▶ [Problem description]: Once the line with "CAMEROUN 1941 Serie" is found, write it out along with every line after it, exactly, up to the last line of the entries below. Exclude pictures.
------
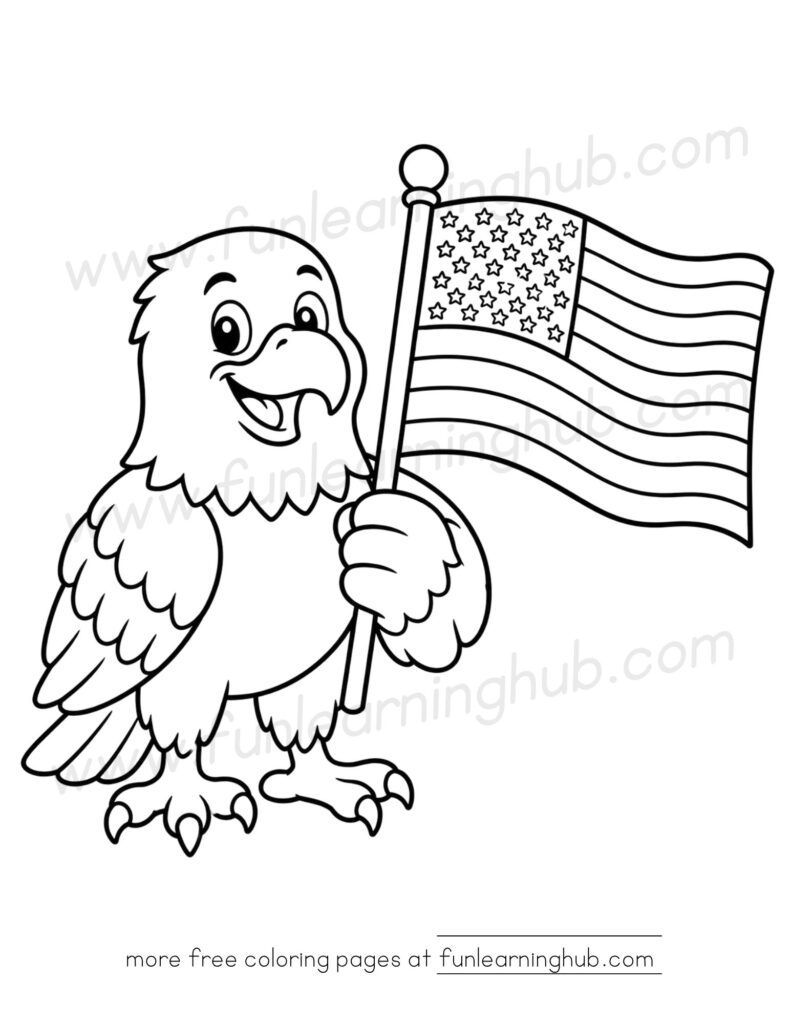 4th of July coloring pages free printable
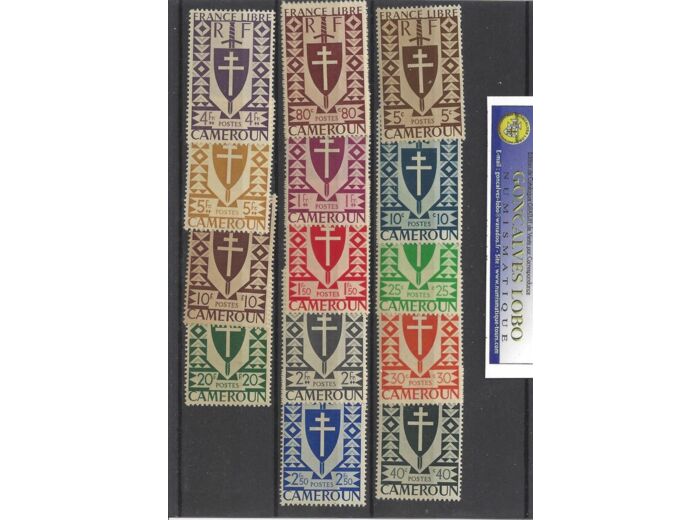 CAMEROUN 1941 Serie 14 Valeurs Yvert 249 à 262 NEUF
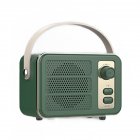 Retro Bluetooth 5.0 Speaker Creative Type-c Rechargeable Portable Wireless Vintage Small Speaker green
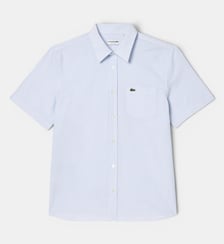 Chemise manches courtes regular fit Oxford Lacoste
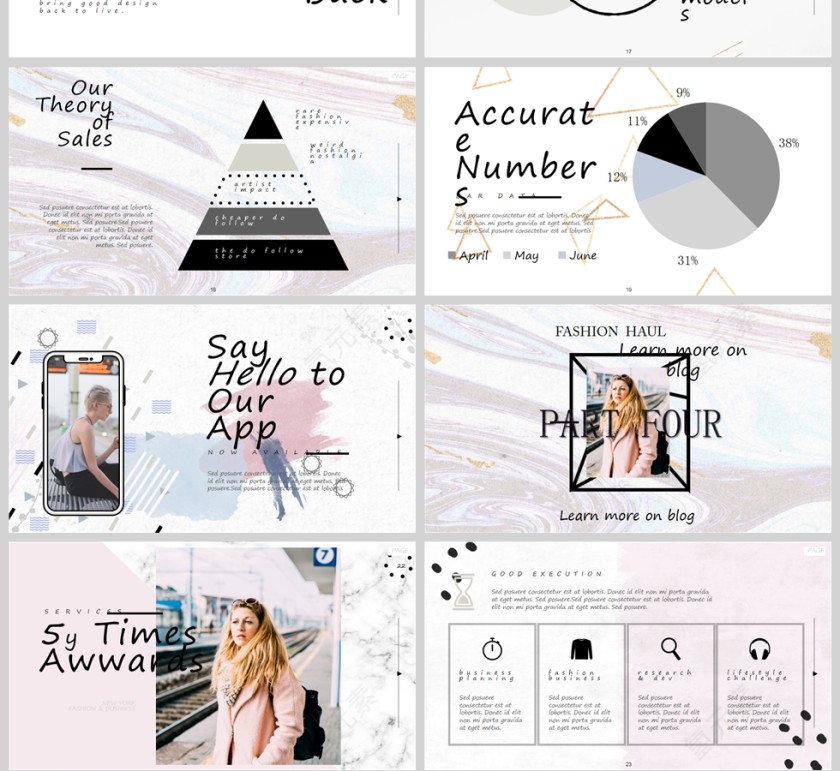 清新色彩少女风化妆品介绍节日假日第4张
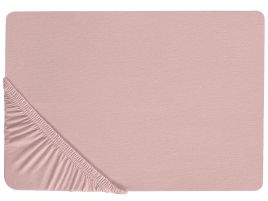Cotton Fitted Sheet 200 x 200 cm Pink HOFUF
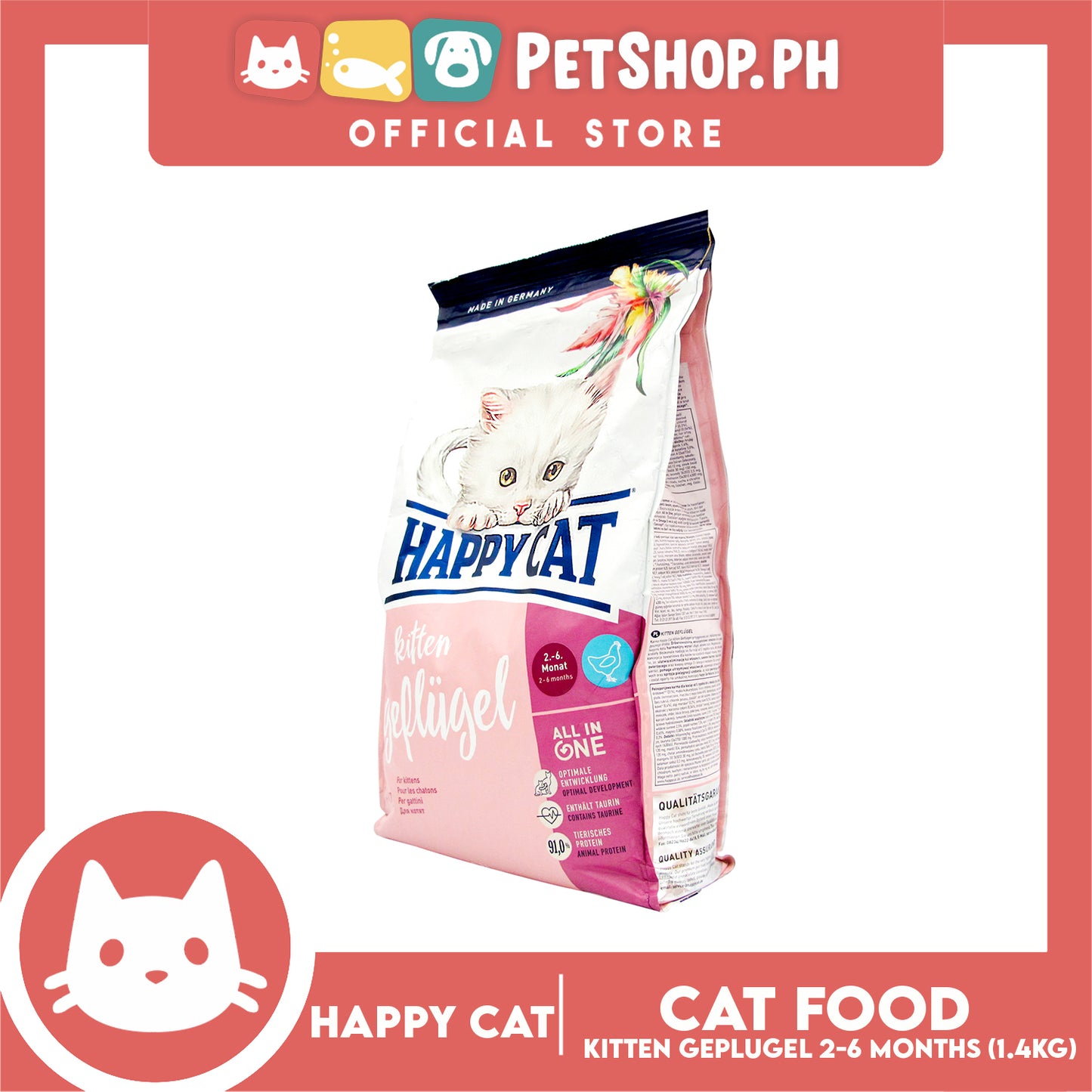 Happy Cat Minkas Kitten Care 1.4kg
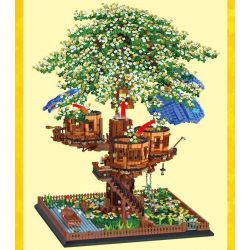 MorkModel 031004 Mork Model 031004 non  NHÀ TRÊN CÂY bộ đồ chơi xếp lắp ráp ghép mô hình Creator TREE HOUSE Sáng Tạo 8000 khối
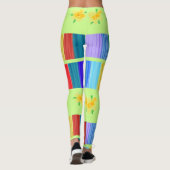 Zeer kleurrijke dames Leggings (Achterkant)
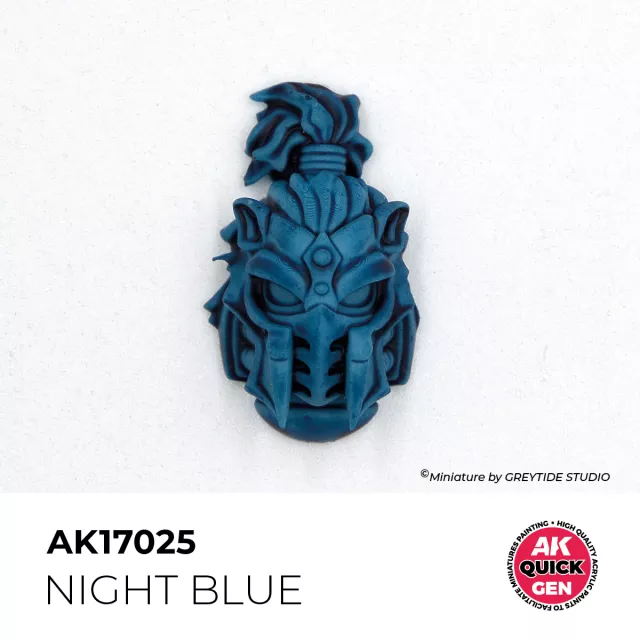 AK Quick Gen (Night Blue) - farba kontrastowa, nocny błękit - AK-Interactive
------
▶ [Result for this exercise]:
 CAMEROUN 1941 Serie 14 Valeurs Yvert 249 à 262 NEUF
 Retro Bluetooth 5.0 Speaker Creative Type-c Rechargeable Portable Wireless Vintage Small Speaker green
 Chemise manches courtes regular fit Oxford Lacoste
 清新色彩少女风化妆品介绍节日假日第4张
Cotton Fitted Sheet 200 x 200 cm Pink HOFUF
 Happy Cat Minkas Kitten Care 1.4kg
 MorkModel 031004 Mork Model 031004 non  NHÀ TRÊN CÂY bộ đồ chơi xếp lắp ráp ghép mô hình Creator TREE HOUSE Sáng Tạo 8000 khối
 Zeer kleurrijke dames Leggings (Achterkant)
 AK Quick Gen (Night Blue) - farba kontrastowa, nocny błękit - AK-Interactive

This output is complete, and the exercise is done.